The kind of sleep quality that you experience everyday can drastically affect your health and wellbeing. Although you can easily see the impact on your physical health, the toil that this puts on your mental health often goes unnoticed. What’s worse is that you might not even be aware that some of the physical and mental changes that your body is going through are caused by the kind of sleep you are getting. Therefore, to make things easier, we have come up with a handy list of some of the ways in which sleep impacts your health and wellbeing.
Different stages of sleep like REM-sleep and slow-wave sleep are all known to process memories in their own ways. Insufficient sleep in any of these stages can lead to forgetfulness and make it harder to learn new things, concentrate, recall memories, etc. This is exactly why a good night’s sleep is recommended on the night before you have an important activity to perform like a test or a game. Cortisol, a stress hormone secreted by the body’s adrenal glands for functions like regulation of metabolism and immune response can lead to a state of brain fog when released in high amount.

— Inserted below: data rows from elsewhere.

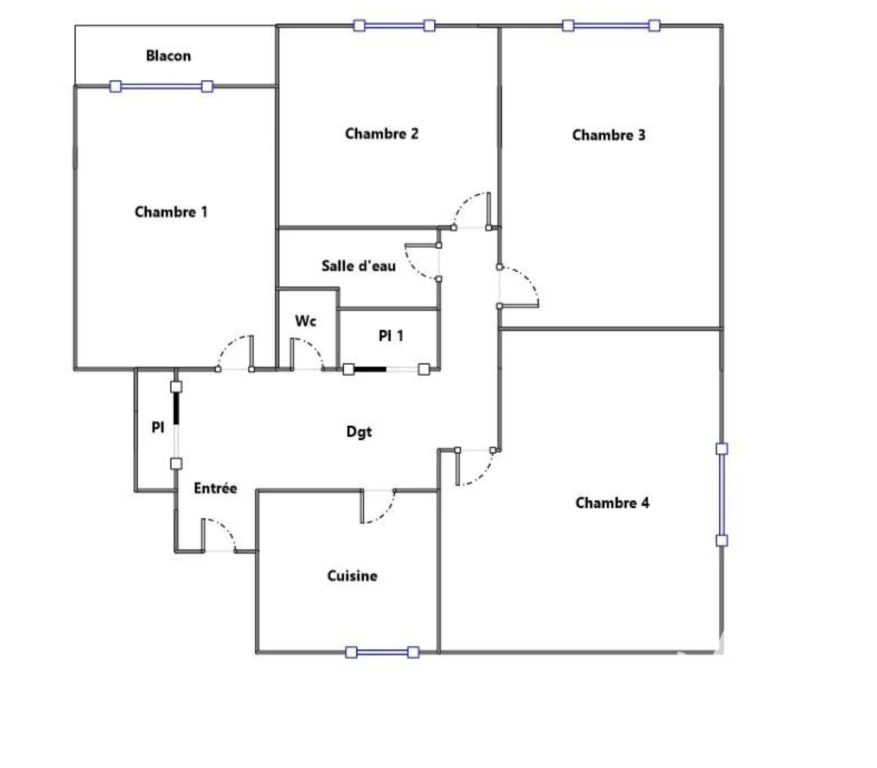 Photo 10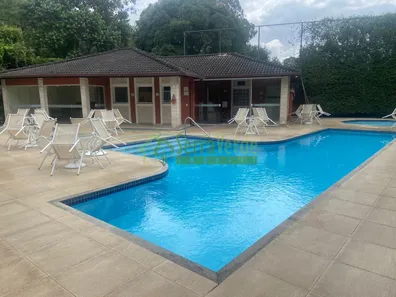 Apartamento com 2 Quartos à venda, 200m² no Itaipava, Petrópolis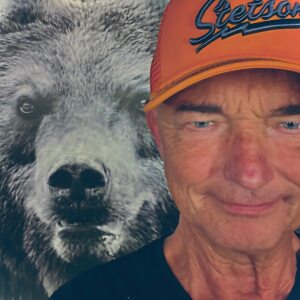 Profilbild von Thomas Blind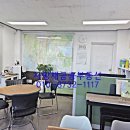 사랑채공인중개사사무소 이미지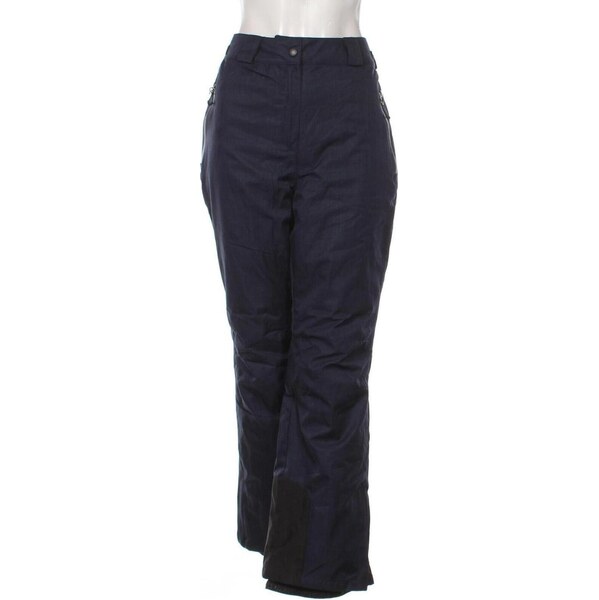 Dámske nohavice pre zimné športy Crivit 65926395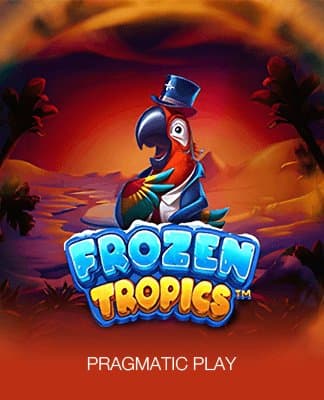 Frozen Tropics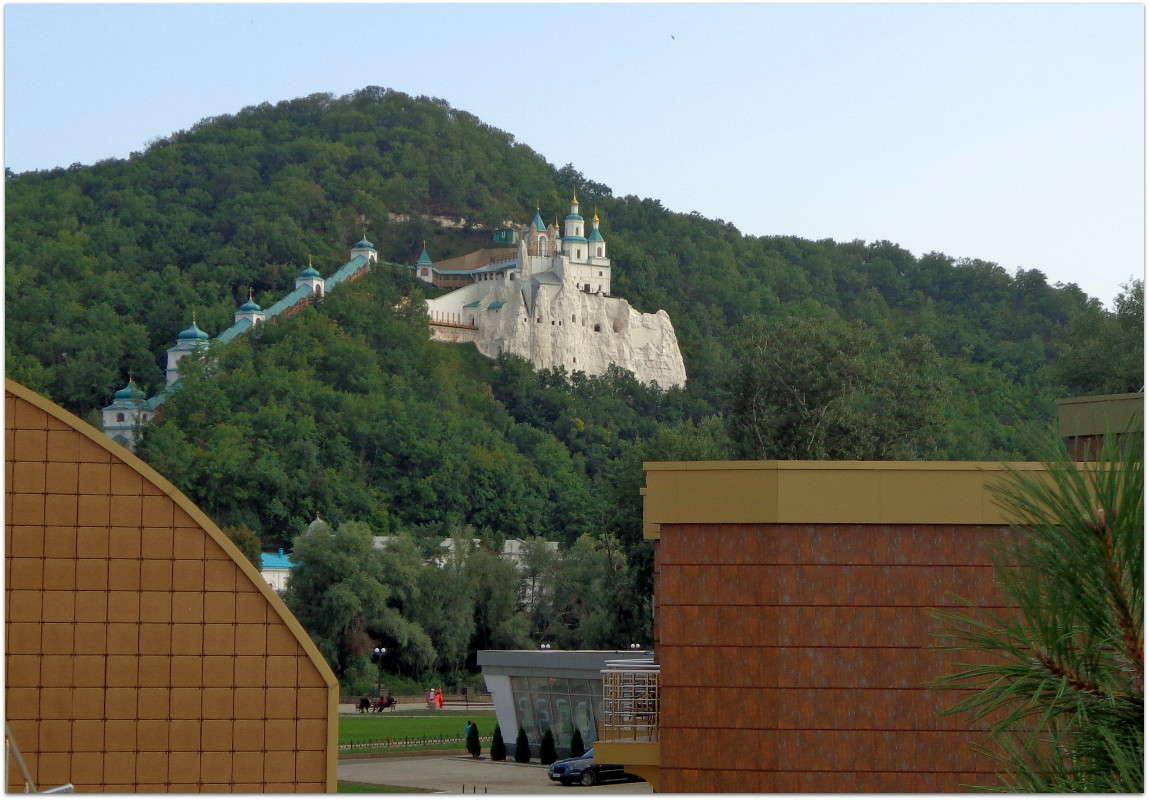 �����... ����� ����� ���������(�������) �� PhotoGeek.ru #�����������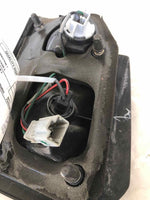 1996 1997 HONDA ACCORD 2.2L 4 Cylinder Right Tail Light Assembly Lid Mounted RH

A good quality sleep helps maintain the proper regulation of glucose, hormones and other gastrointestinal functions in our body. A lack of proper sleep on the other hand can prove disastrous for your metabolism. Metabolic imbalance due to insufficient amount of sleep may lead to reduced energy and inability to process insulin. According to a past study, loss of sleep impacts the carbohydrate metabolism and endocrine function and is thus associated with the development of type 2 diabetes.
Stress and poor sleep quality are directly related and one can trigger the other leading to a cyclic process, which you don’t want to be a part of. The level of the stress hormone cortisol is reported to be increased when the body doesn’t get the amount of sleep it needs. According to a press release by the American Psychological Association, reports found alleviated stress levels among adults who received less than eight hours of sleep. Conversely, people with low stress levels were more likely to achieve increased quantity of sleep in the night than those with stress.
#04 Muscle Repair
We have often heard about the importance of exercise for a good night’s sleep but what is all this talk about sleep quality and ability to work-out? Well as it turns out, the body’s ability to work out efficiently or participate in other activities like running or playing, that need muscle and strength recovery, rely on our sleep quality. The proper functioning of protein synthesis and secretion of growth hormone are dependent on a good amount of sleep every night. The REM sleep stage is linked with healing body pain due to the relaxing of body muscles. Similarly, the non-REM sleep stage is particularly associated with the kind of restorative sleep that body needs for muscle repair.
#05 Immune System
If you have ever experienced a marked decrease in your body’s immune functions, your sleep quality might be the one to blame. When the body receives about 7 to 8 hours of sleep regularly, it produces ample amount of small secreted proteins called cytokines that are necessary for fighting off pathogens and virus infections. However, the body’s ability to combat sickness such as the flu or common cold take a beating when you aren’t receiving enough sleep in the night.
Sleep deprivation can lead to a feeling of being improperly rested throughout the day. People with poor sleep quality have been known to feel emotions like grogginess, lack of interest, irritation and angriness at times. Experts suggest that there is heightened amygdala activity arising from insufficient amount of sleep. The amygdala, also known as the emotional center, is a part of the brain associated with regulating emotions including rage and fear. In cases of prolonged lack of proper sleep, certain severe conditions like anxiety or depression can also be experienced.
#07 Cardiovascular Health
One of the most terrifying dangers of lack of sleep is the impact it causes on our cardiovascular health. A good night’s sleep is absolutely essential for your heart as it regulates the blood flow and heart rate. Apart from that, sleep is also crucial for the healing and repairing of heart and blood vessels. Risk of experiencing conditions like coronary artery calcification (CAC,) chest pain, asthma, stroke, heart attack, etc. are found to have been increased when people sleep less than seven hours a night.
The risk of growing obese has been observed among people who had trouble getting good sleep. Several studies have shown how people who were on diet were able to burn less fat when their sleep time was reduced and others who had insufficient sleep were more at heightened risk of growing obese. Lack of sleep can alleviate the level of ghrelin in the body, the hormone which makes us feel hungry and decrease that of leptin, the hormone that inhibits the feeling of hunger.
Anyone can restore their sleep quality by taking some easy steps like maintaining a diet, doing exercise or buying a new mattress. Check out this informative piece to know what is the best time to buy a mattress. Afterall, a good night’s sleep is not the business of just one day, it is something that the body requires on a daily basis.